:: WORK REQUIRED ::
Copying rule for the data below: take the line containing "Capri Swivel Chair side" and every line after it to the end, exactly, and drop all pictures.

Dataset entries:
□ □ □ □

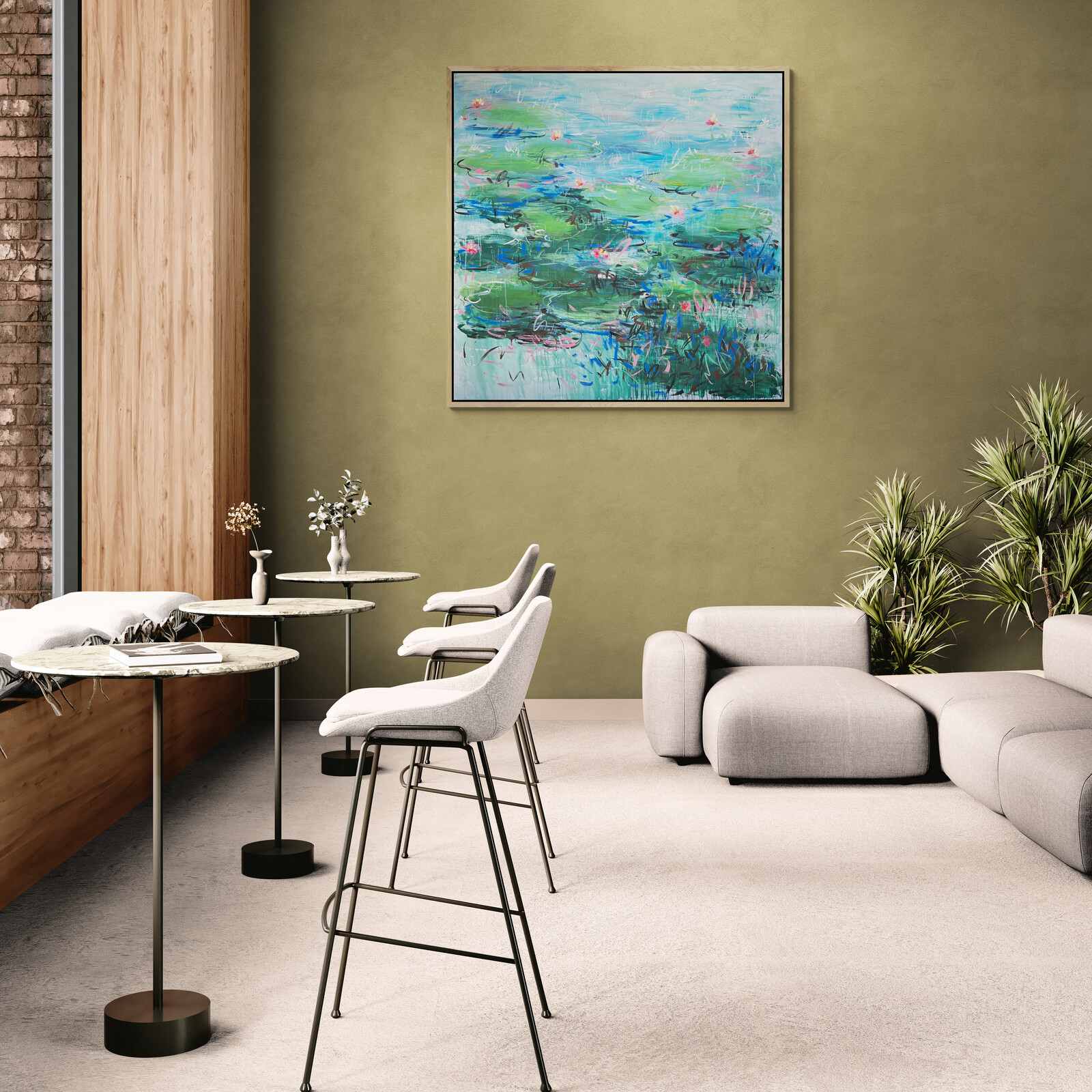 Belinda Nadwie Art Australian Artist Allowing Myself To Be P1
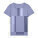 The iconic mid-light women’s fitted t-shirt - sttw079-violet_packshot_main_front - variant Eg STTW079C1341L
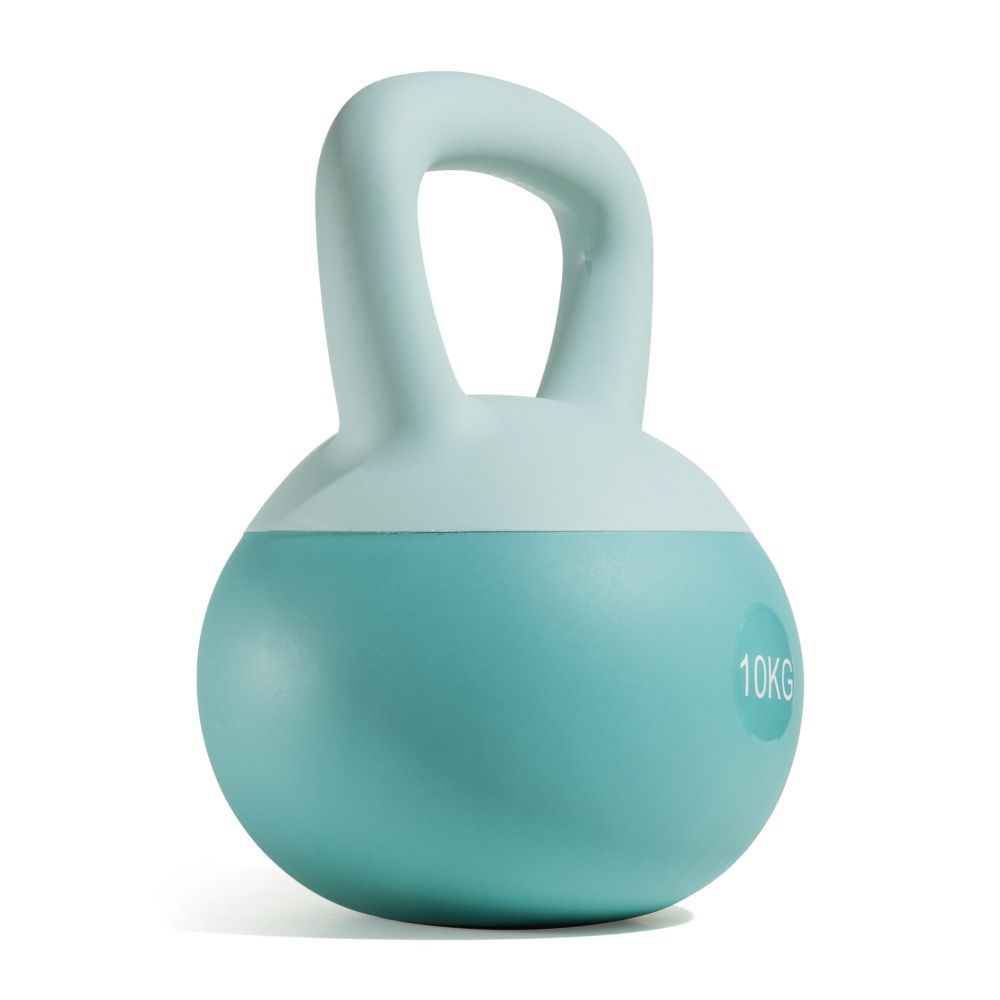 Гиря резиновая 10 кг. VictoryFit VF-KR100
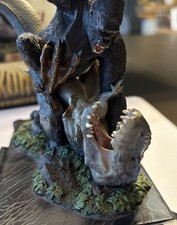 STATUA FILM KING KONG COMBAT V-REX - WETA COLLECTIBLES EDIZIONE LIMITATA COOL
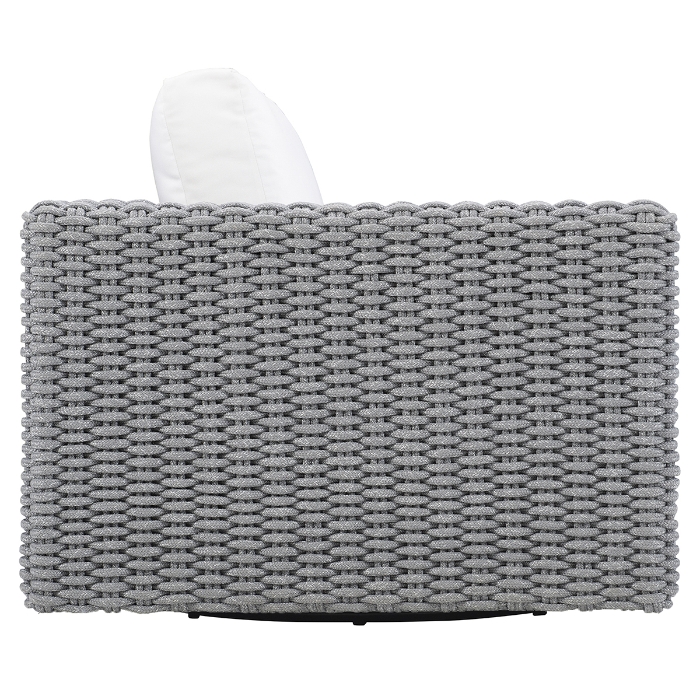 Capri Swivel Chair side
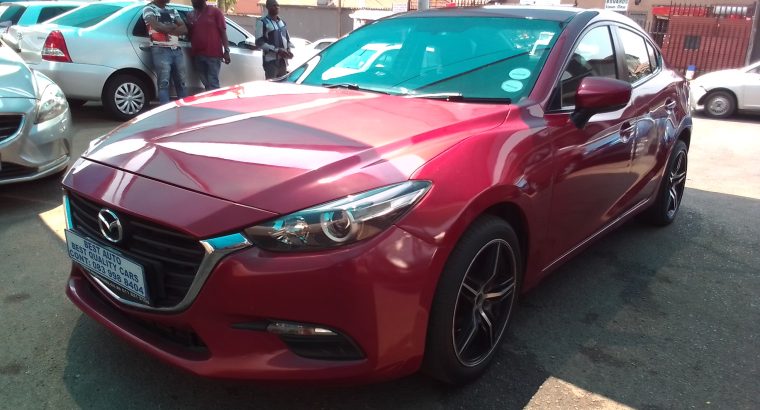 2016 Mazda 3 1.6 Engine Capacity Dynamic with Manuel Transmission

□ □ □ □

:: EXPECTED OUTPUT ::
 Capri Swivel Chair side
 2016 Mazda 3 1.6 Engine Capacity Dynamic with Manuel Transmission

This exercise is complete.